The world’s biggest cryptocurrency, Bitcoin, failed to provide investors with any diversification or risk mitigation benefit when share markets sold off in the past few months. Instead, Bitcoin has tracked the US S&P 500 Index very closely for some time.
Shares & Bitcoin moving together?
John Vaz, a senior lecturer in the Department of Banking and Finance at Monash University, charted the Bitcoin price over three years, comparing it with the local S&P/ASX All Ordinaries Index and the S&P 500.
He found that all three indices moved in synch during the recent sell-off.
“Cryptocurrencies are proposed as a finite resource with finite money supply, and due to this characteristic have been likened to gold,” says Vaz.
“Cryptocurrency advocates claim these qualities mean the cryptos would resist the sort of volatile sharemarket fluctuations we have been seeing in recent weeks, as they theoretically cannot be affected by government interventions, money supply decisions or inflation.
“But during the pandemic crisis this has not held true,” Vaz says.
Bitcoin has had a volatile trading history. Its all-time high was in December 2017, when its price got close to US$20,000. The bubble burst the following year when it hit a low of around US$3200.
After a long climb back, Bitcoin was trading around US$10,300 in mid-February. By mid-March its value had halved, falling to $5165 – a bigger fall than either of the equity markets Vaz has used as benchmarks.
Since then Bitcoin has staged a comeback and is back around $10,000.
Vaz’s view is that in financial market crises investors tend to react in similar ways, regardless of the markets they are invested in.
In the meantime, more traditional hedges, such as gold and the US dollar, have maintained reasonable value.
“During a crisis, everything will move down together for a while but an asset like gold won’t fluctuate as much because it is the popular perceived safe ground,” Vaz says.
Mixed performance
Market analyst Simon Moore’s assessment of Bitcoin’s performance during this year’s global market turmoil is that its performance has been mixed.
“Bitcoin has held up better than many stocks but has fared less well than many other assets that can protect portfolios at times of market stress,” says Moore, the author of Digital Wealth, writing in Forbes magazine.
“For the year to date, Bitcoin is down less than the S&P 500 but gold is up and a diversified portfolio of bonds is up. If you view Bitcoin as a sophisticated digital form of gold, it hasn’t quite played out that way during this crisis so far.
“It’s hard to reach a conclusive verdict until the economic impact of COVID-19 has played out in full,” Moore concludes.
Vaz agrees, saying cryptocurrencies may play a role once the crisis has passed and its real economic impacts continue to be felt.

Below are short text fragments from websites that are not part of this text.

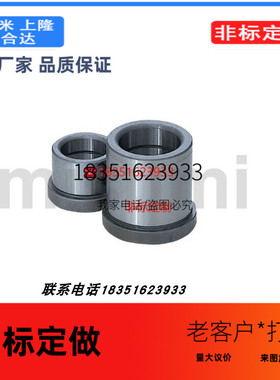 定位销用衬套LCH LCHZ5 6 8 10 12 13 15 16 20 25肩型非标定做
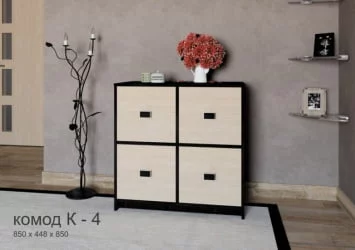 Комод K-4 Дуб молочный/венге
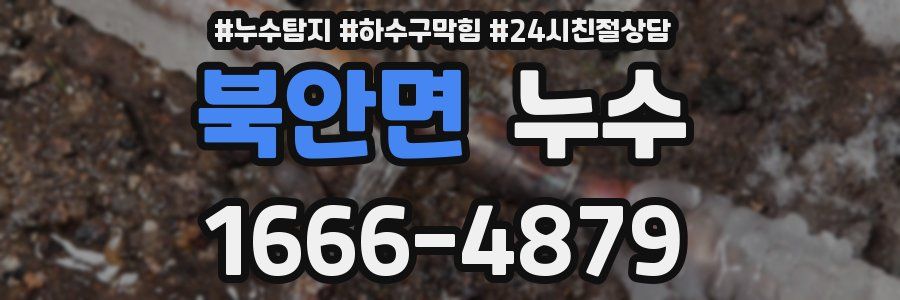 북안면 누수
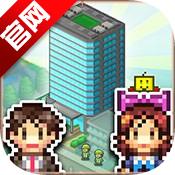 开罗箱庭都市布局版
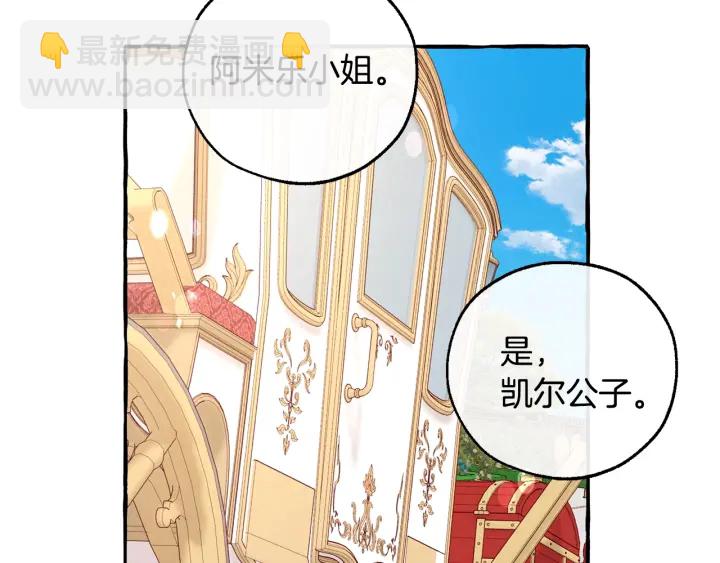 成爲伯爵家的廢物 - 第48話 沒用的知識增加了(3/4) - 5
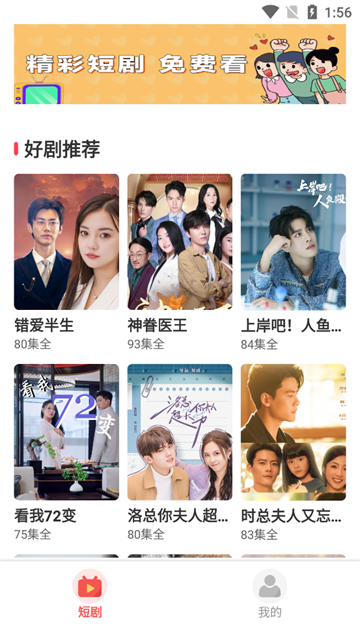 淘金剧场2025最新版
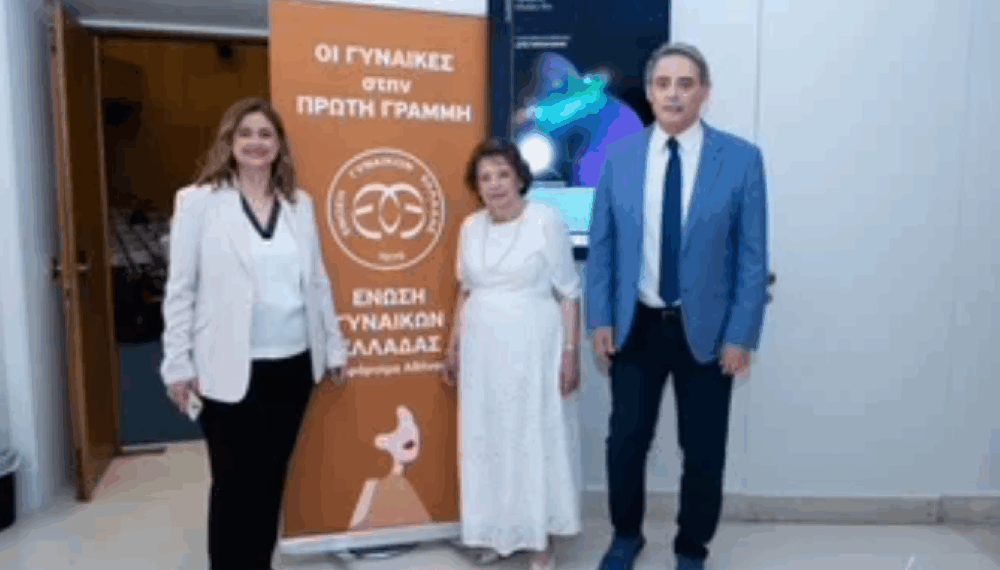 Ημερίδα: «Γυναίκες στην Πρώτη Γραμμή της Βιώσιμης Ανάπτυξης»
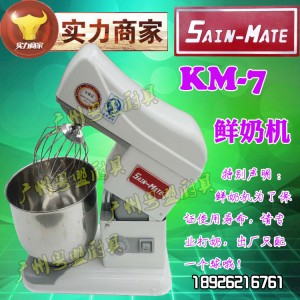 KM-7鮮奶機(jī)SAIN MATE商用7升臺(tái)式打奶機(jī)蛋糕攪拌器奶油打發(fā)攪拌機(jī)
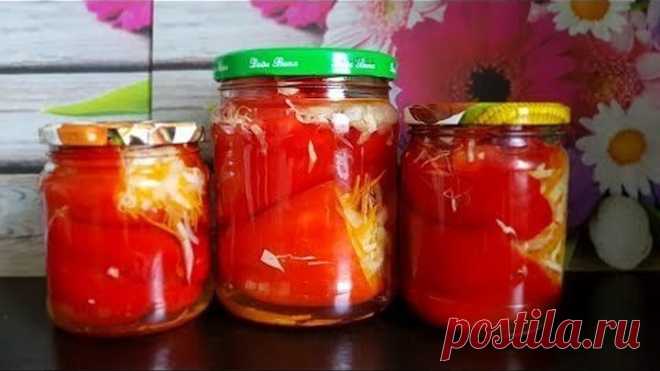 ОБАЛДЕТЬ! ПОМИДОРЫ ПО-ПОЛЬСКИ! КАК ЖЕ ЭТО ВКУСНО!  Вы должны это попробоват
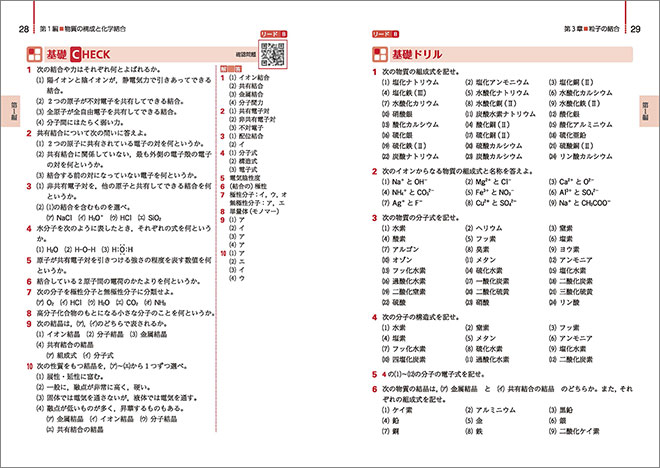 改訂版　リードα化学基礎 内容3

“This will depend in no small part on confidence in the financial system and the money underpinning it. Cryptocurrencies as an alternative form of money may increase in importance, depending on how governments handle the interplay of the macroeconomy and monetary policy, government debt and fiscal policy.”
He says that one possible outcome of the crisis is that consumers and investors may lose confidence in the Australian dollar and resort to currency substitution to preserve their buying power.
Cryptocurrencies could increase in popularity and value if confidence falls in fiat-based assets.
“Bitcoin definitely has a place post-crisis if governments make a mess of the fiscal and monetary policy,” says Vaz.
The head of the cryptocurrency data service Messari, Dan McArdle, told Wired magazine that there is a misunderstanding about Bitcoin’s value proposition.
McArdle says Bitcoin is a hedge against inflation and loss of confidence in fiat currencies, not a hedge against a typical market correction and recession.